I remember being introduced to new members of the editorial collective at Baltimore’s Indypendent Reader as a neo-Malthusian; I took the “popular reputation for callousness and misanthropy” as a compliment.
But is neo-Malthusianism a tool of the elite in the class war? This person seems to think so:
Abstractly considered, the relationship between scarce resources and a continuously increasing population turns the arguments in favor of population control into “self-evident truths” which can only be rejected by the unthinking and the dogmatic. From a Marxist viewpoint, such “self-evident truths” are but reifications of concrete historical, social, political, and economic relations which should be taken into account if the population issue is to be at all understood. Just as in the 18th century the English ruling classes fought the impact of the French Revolution with military and ideological weapons among which Malthus’ “Essay on Population” was perhaps the most important, today the ruling classes are bringing back the Malthusian argument in an effort to increase their control over the growing number of the dispossessed. Like Malthus, contemporary socio-economic theorists view excessive population rather than social institutions and social relations as the main source and barrier to the solution of social problems.

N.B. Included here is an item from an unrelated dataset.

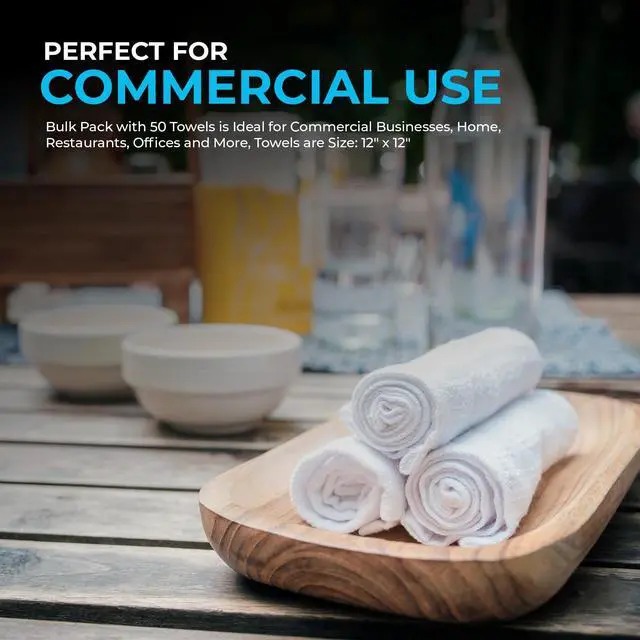 Alt view image 4 of 7 - 79171 Terry Cleaning Cloths, 12"x12", White, 50 Pack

I take the point that solving our current problems, insomuch as they have solutions, isn’t just about population control. But surely unchecked population growth helps governments (which are really proxies for corporations) consolidate power—both by creating scarcity and by fostering unending competition between people with the same class interests. And this isn’t even mentioning the ecological impact of more and more people—and the space, resources, and energy they take up.
Any short-term benefit the corporate-military elite gains from purposeful population decline (i.e. contraception) would be outweighed by the prospect of a livable planet. Even if a leveling off of population somehow leads to more people being forced into wage slavery, it would be good for all other species.